Mencione dos libros que cambiaron su vida:
El primero es, obviamente, el Libro de Familia. La familia en la que naces, más que el País o la situación económica de esta, es donde realmente se aprenden los valores. Los hijos de un matrimonio ven día a día lo que hacen sus padres, y estos niños imitarán en mucho a los padres.
Es sabido que si en casa no se consume nunca alcohol, es muy probable que los hijos no beban alcohol. Lo mismo se aplica al tabaco. Si ven al papá leer el periódico todos los fines de semana o todos los días, al final pillarán uno de esos periódicos para ver que se cuanta en ellos. De hecho un buen amigo me dijo que salvo el núcleo duro de tu familia, pocas ayudas vas a tener de «amigos» y conocidos, sobre todo si te van mal las cosas en la vida. Con núcleo duro quiero decir los miembros de tu familia con los que convives todos los días.

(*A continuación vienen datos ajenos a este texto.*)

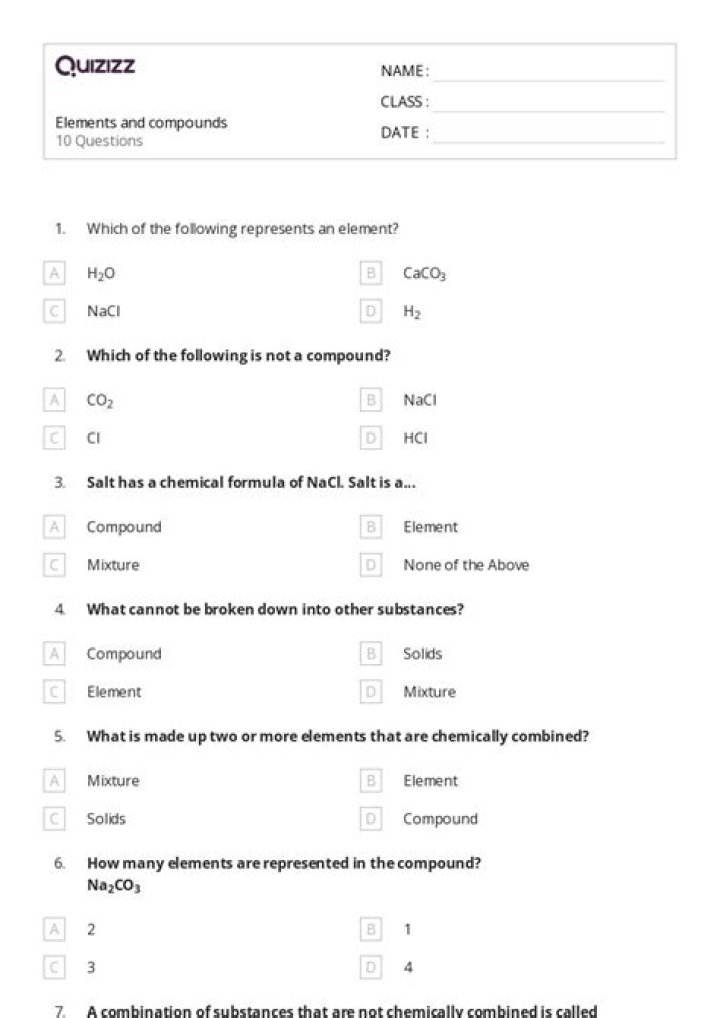 Essential Elements and Compounds Questions & Answers PDF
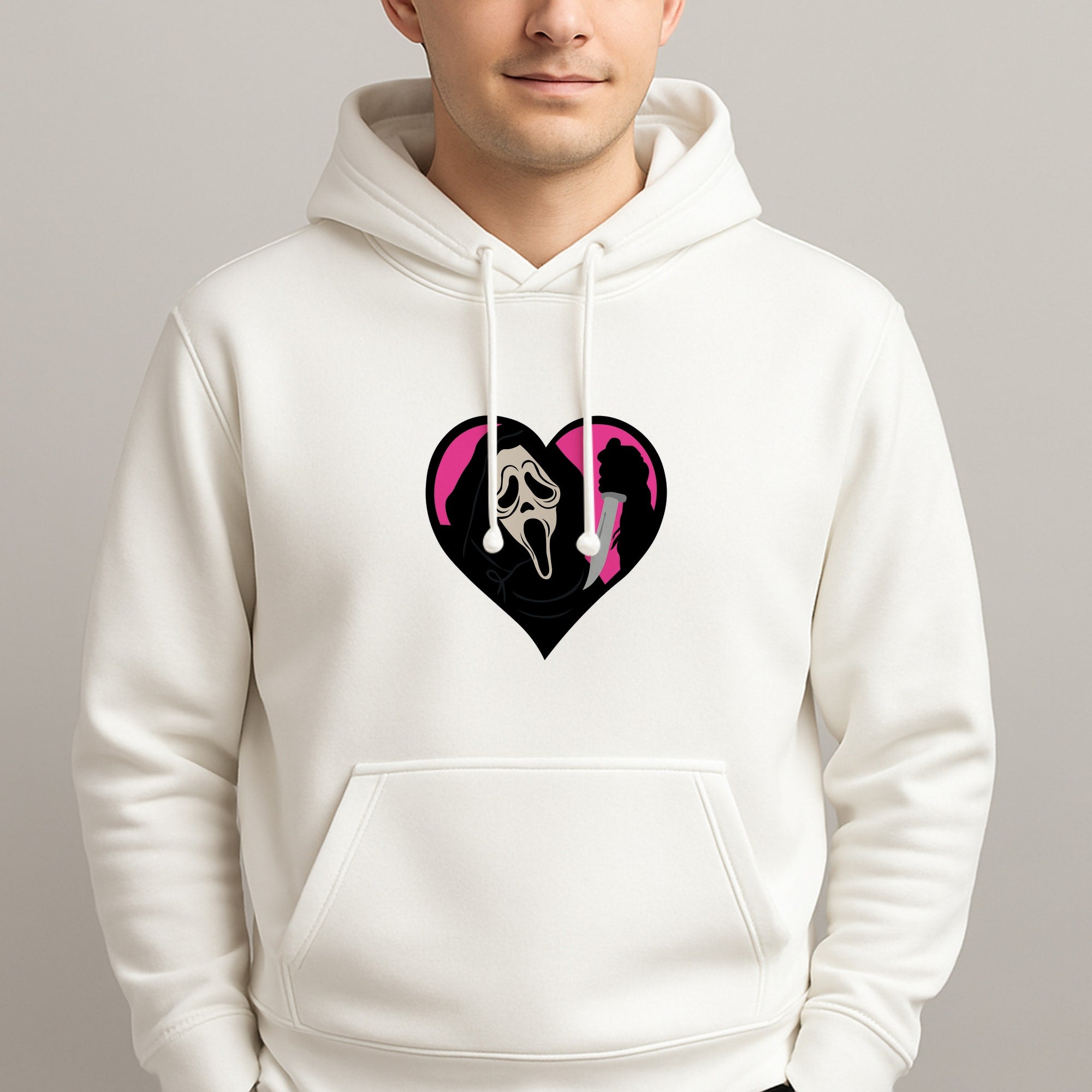 Heart face - Halloween Unisex Hooded Pullover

Si en la familia algo no sale como se esperaba, los hijos ven cómo los padres «capean el temporal» y aprenden a cómo no frustrarse cuando las cosas no van bien. Realmente la familia (el núcleo duro) es una escuela para la vida.
El segundo libro son las Sagradas Escrituras. ¿Por qué? Hablo desde mi experiencia personal. La vida, y esto lo sabe todo el mundo, da muchas vueltas; pero muchas, muchas. Aquello que parecía «fácil» lograr y que se anhelaba, por el motivo que sea se trunca. La vida te acaba de pegar un palo inesperado. Y como la vida no viene con un manual, intentas tirar por donde se pueda para ser de nuevo feliz. Parece que lo que vistes en casa te puede ayudar mucho. Pero hay veces que el «palo» es muy difícil de superar. Vas dando «tumbos» de aquí para allá como un zombie, buscando la felicidad en sitios equivocados. Decían que había un hombre tan pobre tan pobre, que solo tenía dinero.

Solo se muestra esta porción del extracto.